» What the exercise asks:
Your reply should reproduce the data below without a single alteration, apart from dropping the images.

[Stored records]
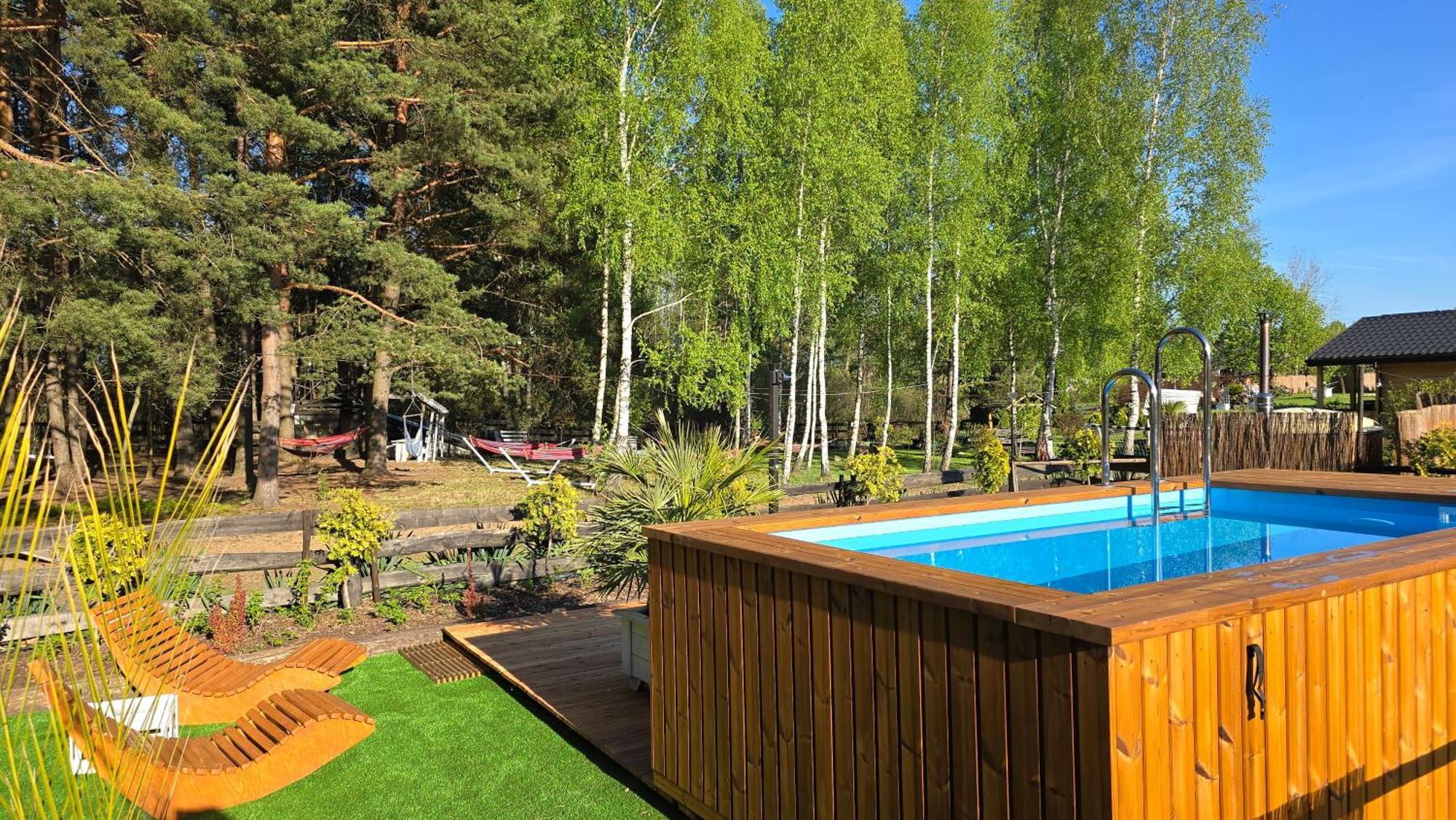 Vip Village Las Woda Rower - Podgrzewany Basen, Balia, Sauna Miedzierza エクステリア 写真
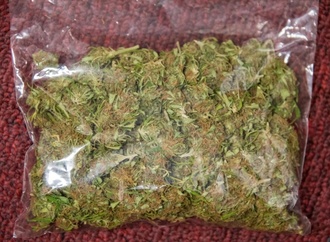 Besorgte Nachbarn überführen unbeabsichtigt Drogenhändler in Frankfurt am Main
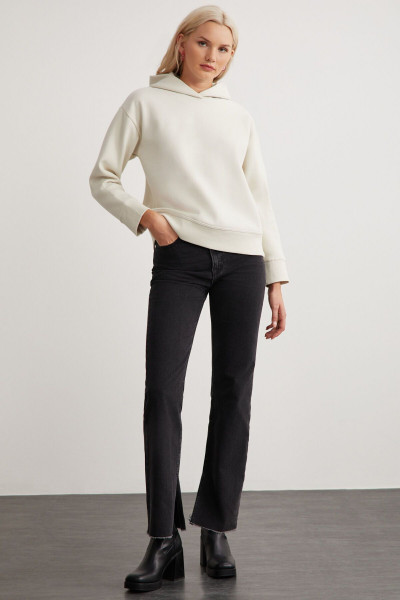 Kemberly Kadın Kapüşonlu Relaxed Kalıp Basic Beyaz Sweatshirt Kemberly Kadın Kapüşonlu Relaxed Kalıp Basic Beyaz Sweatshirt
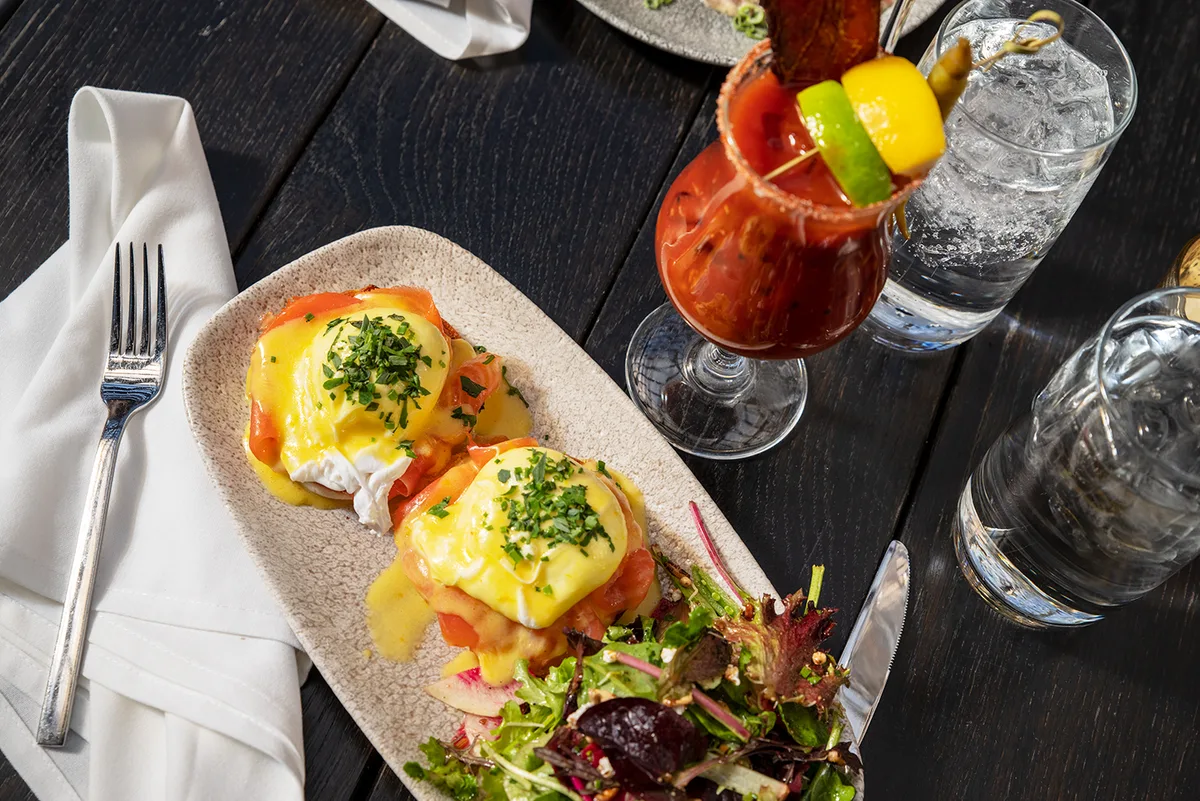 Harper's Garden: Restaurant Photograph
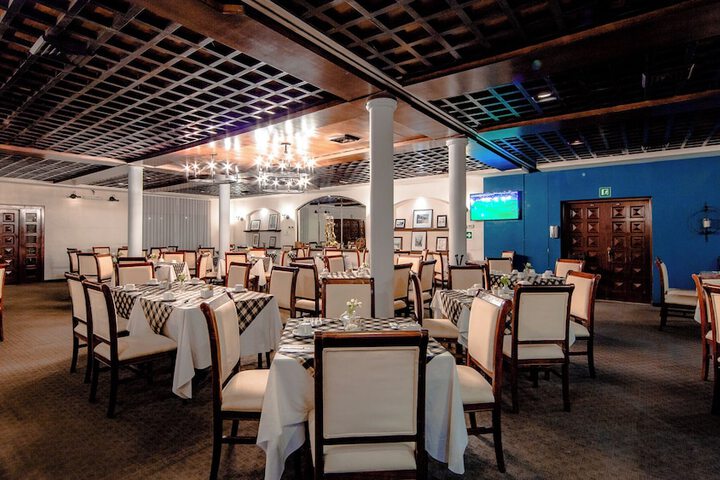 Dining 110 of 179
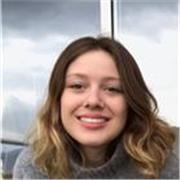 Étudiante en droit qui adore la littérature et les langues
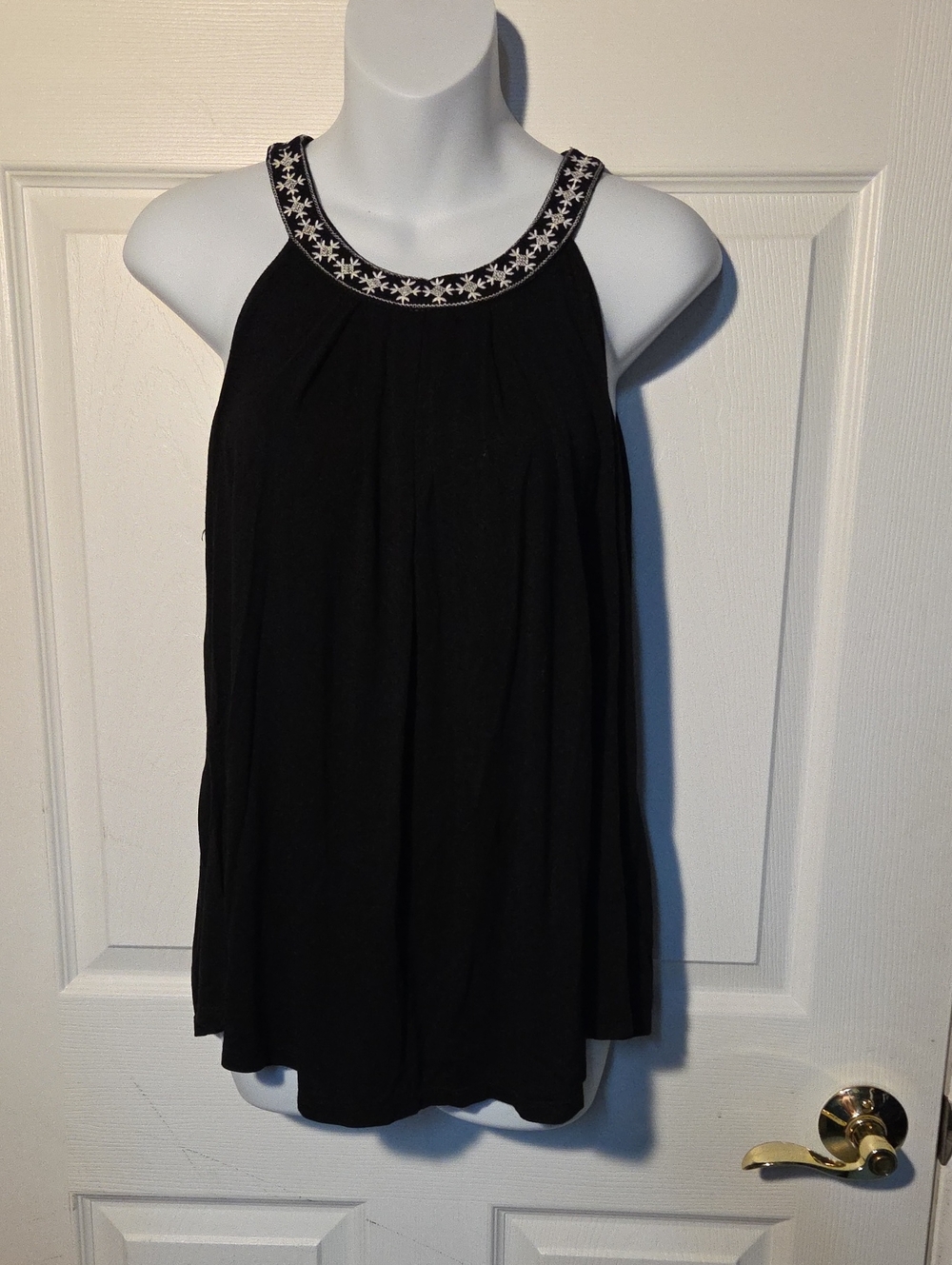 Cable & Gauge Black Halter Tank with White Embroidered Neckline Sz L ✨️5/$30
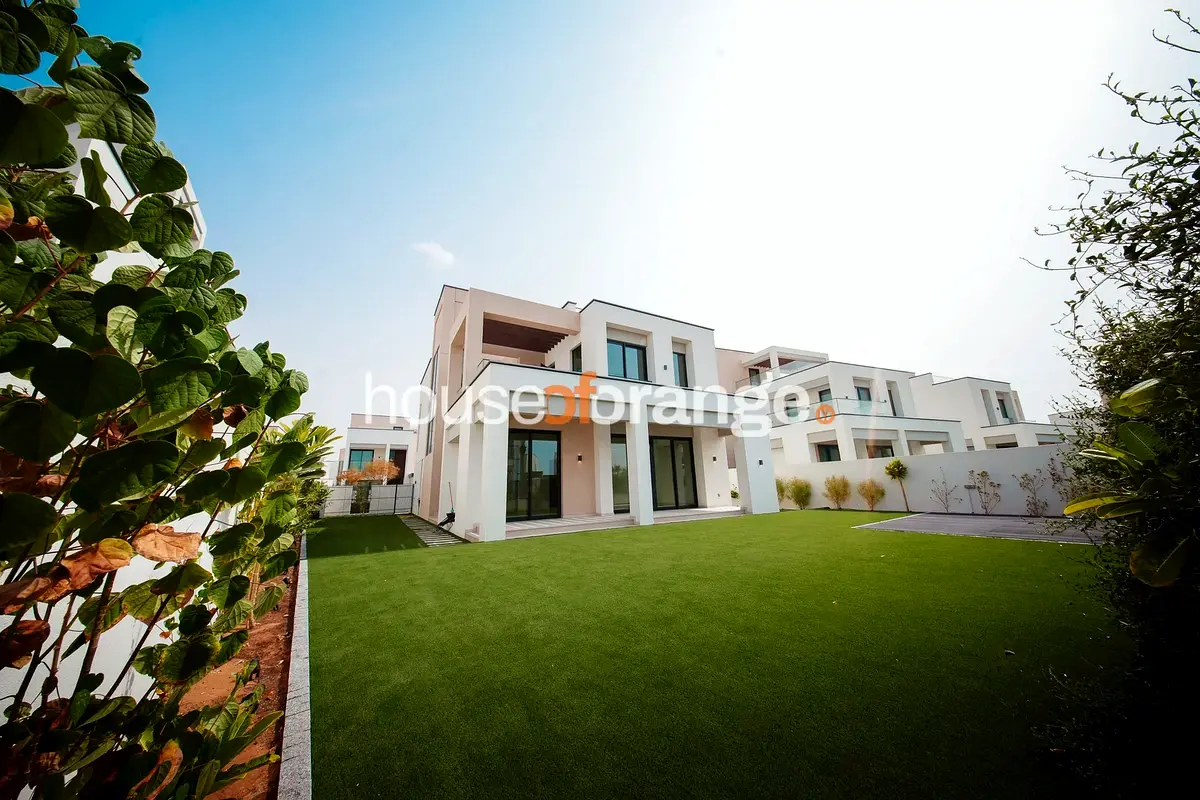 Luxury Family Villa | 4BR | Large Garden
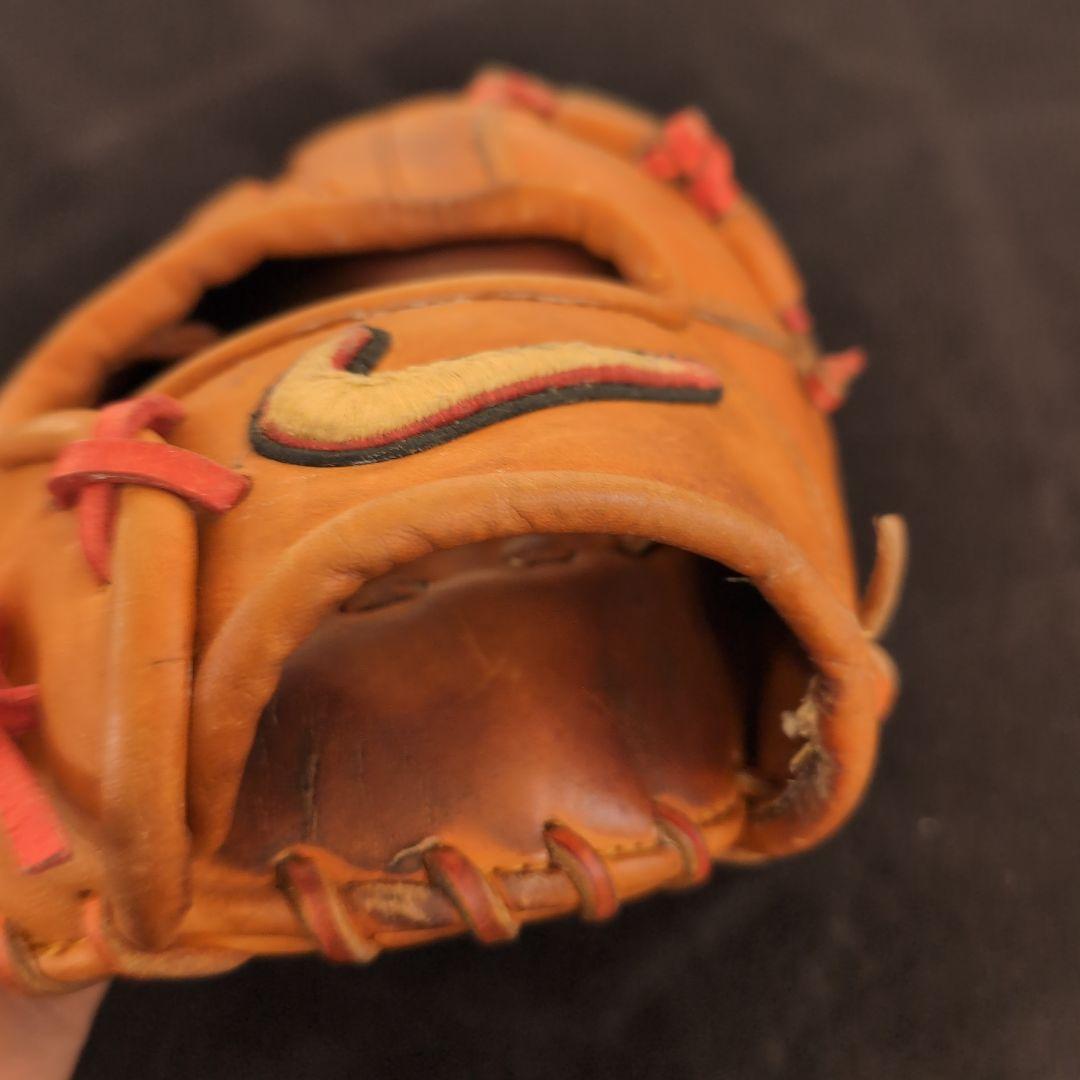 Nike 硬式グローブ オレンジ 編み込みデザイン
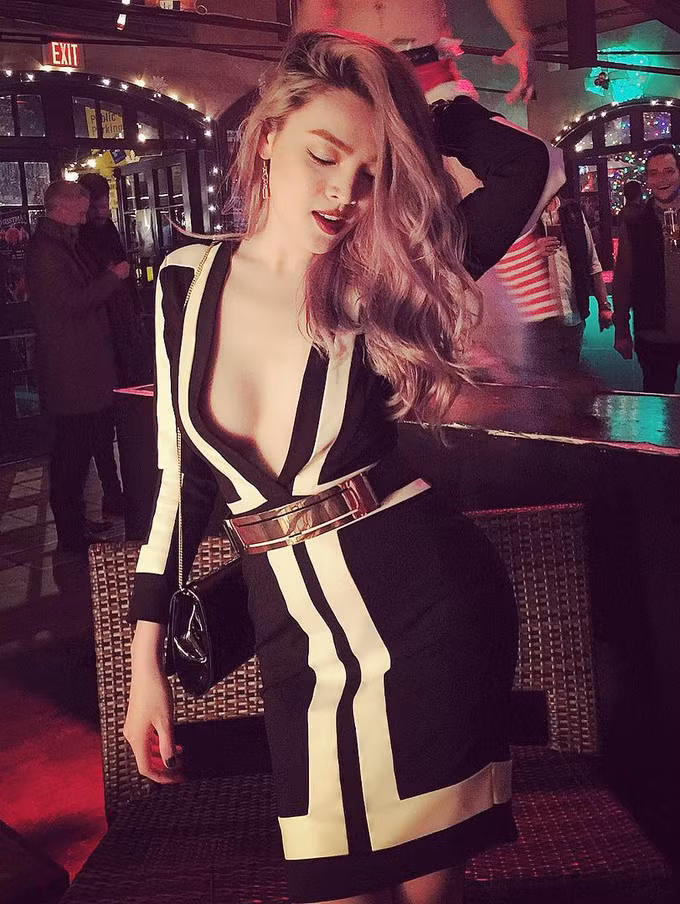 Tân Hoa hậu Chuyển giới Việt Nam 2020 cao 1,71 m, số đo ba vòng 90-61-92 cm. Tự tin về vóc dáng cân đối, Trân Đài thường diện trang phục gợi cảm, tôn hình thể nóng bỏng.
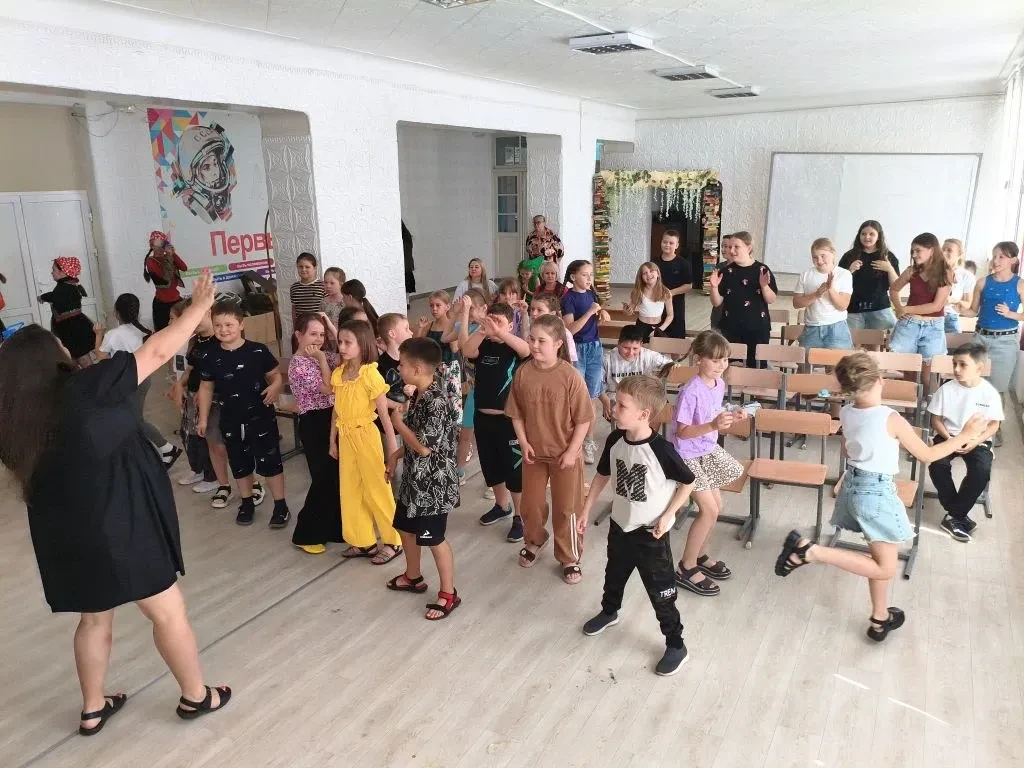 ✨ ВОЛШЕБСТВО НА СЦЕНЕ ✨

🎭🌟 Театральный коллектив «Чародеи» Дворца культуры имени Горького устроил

» Answer space:
 Vip Village Las Woda Rower - Podgrzewany Basen, Balia, Sauna Miedzierza エクステリア 写真
 Besorgte Nachbarn überführen unbeabsichtigt Drogenhändler in Frankfurt am Main
 Kemberly Kadın Kapüşonlu Relaxed Kalıp Basic Beyaz Sweatshirt Kemberly Kadın Kapüşonlu Relaxed Kalıp Basic Beyaz Sweatshirt
 Harper's Garden: Restaurant Photograph
 Dining 110 of 179
 Étudiante en droit qui adore la littérature et les langues
 Cable & Gauge Black Halter Tank with White Embroidered Neckline Sz L ✨️5/$30
 Luxury Family Villa | 4BR | Large Garden
 Nike 硬式グローブ オレンジ 編み込みデザイン
 Tân Hoa hậu Chuyển giới Việt Nam 2020 cao 1,71 m, số đo ba vòng 90-61-92 cm. Tự tin về vóc dáng cân đối, Trân Đài thường diện trang phục gợi cảm, tôn hình thể nóng bỏng.
 ✨ ВОЛШЕБСТВО НА СЦЕНЕ ✨

🎭🌟 Театральный коллектив «Чародеи» Дворца культуры имени Горького устроил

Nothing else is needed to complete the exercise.